Dear Allies of RMM,
Rural & Migrant Ministry, Inc., is heartened by the many responses we’ve received to the recent statement by our Executive Director, the Rev. Richard Witt, regarding the arrival of refugees in upstate New York. While this arrival of asylum-seekers is being met with prejudice and fear, there are also a great many people who want to help. Here is what we know and what we are doing:
New York City is sending refugees to towns outside of the City — abruptly and without coordination with local governments and non-profits. We believe that in large part, they are not connecting with municipalities because there is such a strong anti-immigrant feeling and fear, and a refusal to accept people. The City has hired for-profit organizations to book hotel rooms and provide food — and that seems to be it. As a result, hundreds of people are arriving with no supportive services, brand-new to living in America and speaking a foreign language (Arabic, French, Spanish, etc.)
At present, these immigrants are all men, and most have entered in the asylum process; this means they will be able to apply for work authorization after an initial waiting period. They also will need to be in NYC several months from now for court hearings on their asylum status.
Several hundred men have arrived in Orange County and more initially were sent to Sullivan County — met by lots of protestors. Those who arrived in Sullivan County have now been bused to Dutchess County.
We have heard that the City has contracted with several hotels in Riverhead, Long Island —where municipal officials pre-emptively declared a state of emergency in order to thwart the arrival of refugees there. The City’s plan appears to be to bus immigrants to counties going up the Hudson River and across New York State.
What RMM is doing:
In the short term, we are trying to marshal our limited staff to meet the men and get a sense of their needs, while also trying to find out which agencies are doing what.
However, RMM is really focused on the longer term. We are concerned about what happens in the months to come:
- How do people find housing?
- They need jobs — ones that are NOT exploitative.
- How do they get to court for their hearings?
- How do they overcome prejudice?
To this end, we are working to utilize our Rural Academy of the People to set up ESL programs and workshops that help folks navigate these systems and avoid exploitation.
What you can do:
A number of agencies in Orange, Sullivan and Dutchess Counties have coordinated their efforts to help meet the humanitarian needs of these refugees. For the moment, they appear to have a very good handle on identifying and meeting the specific needs.
Here at RMM, we are seeking tutors, ESL teachers, rights advocates, drivers and other volunteers. Here are some other important ways you can help:
- Speak out in the name of love. Help to raise awareness, both individually and through the support of our congregations and allies, about the need to welcome the foreigner in our midst. Write letters to the editor. Post signs. Shout it from the rooftops. Talk to anyone who will listen. Include the following tagline in your messaging: #refugeeswelcome.
- Remember that the arrival of these refugees brings opportunity not just for themselves, but for our communities. Immigrants have historically made remarkable contributions to America. There are benefits to be realized by everyone. We desperately need workers in our communities, and refugees in our communities desperately want to work!

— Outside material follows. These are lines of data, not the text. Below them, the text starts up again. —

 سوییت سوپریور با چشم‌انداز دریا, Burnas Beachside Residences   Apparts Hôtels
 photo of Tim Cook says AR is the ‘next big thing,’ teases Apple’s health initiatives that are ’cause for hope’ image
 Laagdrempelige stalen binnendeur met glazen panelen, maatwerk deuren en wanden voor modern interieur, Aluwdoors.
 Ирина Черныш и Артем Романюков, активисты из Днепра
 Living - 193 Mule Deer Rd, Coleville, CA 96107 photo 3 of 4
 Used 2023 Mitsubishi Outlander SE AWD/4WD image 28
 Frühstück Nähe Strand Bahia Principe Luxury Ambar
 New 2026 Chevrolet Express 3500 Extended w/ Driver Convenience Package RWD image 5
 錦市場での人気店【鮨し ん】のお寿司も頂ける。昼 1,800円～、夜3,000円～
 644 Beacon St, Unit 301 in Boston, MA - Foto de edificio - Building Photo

- Support RMM with a financial contribution, and please consider sustaining our work on a monthly basis. Your donation allows us to provide the vital resources needed by these refugees to integrate into our communities.
- As move we toward World Refugee Day on June 20, this annual event gives us pause to think about how we respond to the need in our own communities. It is vital to support those who arrive with our humanitarian aid – but the larger question remains, Why are there refugees worldwide? What are the systemic issues that cause citizens to flee their homeland to seek safety, freedom, and opportunity elsewhere? What can we as individuals and communities do to address these issues?
- Remember the humanity of these men, women and children in your individual and congregational prayers. These are not faceless statistics; these are human beings — and no human being is illegal. Remember that they are fleeing oppressive conditions. It is our duty to ensure that they are protected against further oppression and exploitation as they seek safety, opportunity and hope for the future.